** WHAT TO DO **
Your answer must consist of exactly the lines below, starting with the line with "Gîte 2 pers." and going on through the line with "Mersin’de 4 noktada", and nothing else.

╔══

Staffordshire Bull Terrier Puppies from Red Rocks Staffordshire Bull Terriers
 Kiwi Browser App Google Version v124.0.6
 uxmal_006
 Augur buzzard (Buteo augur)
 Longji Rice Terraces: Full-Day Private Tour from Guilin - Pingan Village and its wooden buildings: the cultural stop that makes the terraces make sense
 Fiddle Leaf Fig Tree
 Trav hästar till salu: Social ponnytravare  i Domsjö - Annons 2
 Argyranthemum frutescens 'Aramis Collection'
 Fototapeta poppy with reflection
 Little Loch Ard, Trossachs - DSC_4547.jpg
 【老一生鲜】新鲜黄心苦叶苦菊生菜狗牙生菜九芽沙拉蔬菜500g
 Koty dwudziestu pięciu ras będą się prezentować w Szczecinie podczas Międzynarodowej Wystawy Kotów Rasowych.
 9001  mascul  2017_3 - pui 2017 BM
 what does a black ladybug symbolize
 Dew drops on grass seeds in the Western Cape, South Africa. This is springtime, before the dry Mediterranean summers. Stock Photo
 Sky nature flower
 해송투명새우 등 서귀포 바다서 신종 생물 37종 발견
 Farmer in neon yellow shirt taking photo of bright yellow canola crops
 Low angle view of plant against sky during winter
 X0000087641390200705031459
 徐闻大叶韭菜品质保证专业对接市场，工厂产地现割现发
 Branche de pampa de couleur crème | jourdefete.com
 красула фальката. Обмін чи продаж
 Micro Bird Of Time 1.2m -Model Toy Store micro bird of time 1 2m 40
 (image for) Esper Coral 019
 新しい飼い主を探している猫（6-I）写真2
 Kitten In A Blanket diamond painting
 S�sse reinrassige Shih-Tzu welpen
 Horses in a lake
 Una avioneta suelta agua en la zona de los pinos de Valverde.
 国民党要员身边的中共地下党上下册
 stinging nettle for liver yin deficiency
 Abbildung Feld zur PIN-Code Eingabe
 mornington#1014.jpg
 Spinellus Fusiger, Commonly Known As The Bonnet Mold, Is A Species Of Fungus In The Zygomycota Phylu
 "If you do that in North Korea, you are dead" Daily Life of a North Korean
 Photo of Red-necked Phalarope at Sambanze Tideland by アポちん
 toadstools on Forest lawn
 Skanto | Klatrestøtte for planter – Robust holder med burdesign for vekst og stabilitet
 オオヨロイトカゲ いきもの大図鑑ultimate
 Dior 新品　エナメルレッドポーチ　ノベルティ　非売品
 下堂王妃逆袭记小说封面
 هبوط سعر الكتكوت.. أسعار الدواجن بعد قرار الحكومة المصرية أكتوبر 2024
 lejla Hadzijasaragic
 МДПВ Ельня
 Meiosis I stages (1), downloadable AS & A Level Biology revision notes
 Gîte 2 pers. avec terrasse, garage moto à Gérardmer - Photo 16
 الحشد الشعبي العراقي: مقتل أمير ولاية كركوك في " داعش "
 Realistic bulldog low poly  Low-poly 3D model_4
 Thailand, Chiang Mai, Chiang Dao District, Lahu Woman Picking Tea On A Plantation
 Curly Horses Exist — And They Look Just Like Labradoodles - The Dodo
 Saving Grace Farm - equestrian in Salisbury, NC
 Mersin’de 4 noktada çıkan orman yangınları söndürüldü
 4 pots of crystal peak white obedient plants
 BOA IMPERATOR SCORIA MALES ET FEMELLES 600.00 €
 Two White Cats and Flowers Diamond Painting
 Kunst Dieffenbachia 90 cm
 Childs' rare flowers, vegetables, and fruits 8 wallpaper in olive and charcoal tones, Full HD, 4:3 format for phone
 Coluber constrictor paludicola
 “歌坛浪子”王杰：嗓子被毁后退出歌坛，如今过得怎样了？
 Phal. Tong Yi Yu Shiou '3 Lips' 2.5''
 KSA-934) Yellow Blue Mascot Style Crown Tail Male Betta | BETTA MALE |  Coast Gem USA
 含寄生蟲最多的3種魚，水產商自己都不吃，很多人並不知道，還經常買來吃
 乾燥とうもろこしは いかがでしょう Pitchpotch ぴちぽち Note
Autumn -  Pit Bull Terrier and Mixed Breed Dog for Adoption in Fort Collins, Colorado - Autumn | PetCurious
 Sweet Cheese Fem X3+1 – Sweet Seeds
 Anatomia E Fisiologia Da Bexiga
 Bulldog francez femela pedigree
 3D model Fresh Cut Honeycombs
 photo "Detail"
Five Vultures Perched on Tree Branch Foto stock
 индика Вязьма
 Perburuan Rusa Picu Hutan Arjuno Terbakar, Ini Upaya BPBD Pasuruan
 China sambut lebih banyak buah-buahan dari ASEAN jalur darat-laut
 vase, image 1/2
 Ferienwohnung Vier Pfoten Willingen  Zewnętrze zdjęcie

╚══

** RESPONSE TO THIS EXERCISE **
 Gîte 2 pers. avec terrasse, garage moto à Gérardmer - Photo 16
 الحشد الشعبي العراقي: مقتل أمير ولاية كركوك في " داعش "
 Realistic bulldog low poly  Low-poly 3D model_4
 Thailand, Chiang Mai, Chiang Dao District, Lahu Woman Picking Tea On A Plantation
 Curly Horses Exist — And They Look Just Like Labradoodles - The Dodo
 Saving Grace Farm - equestrian in Salisbury, NC
 Mersin’de 4 noktada çıkan orman yangınları söndürüldü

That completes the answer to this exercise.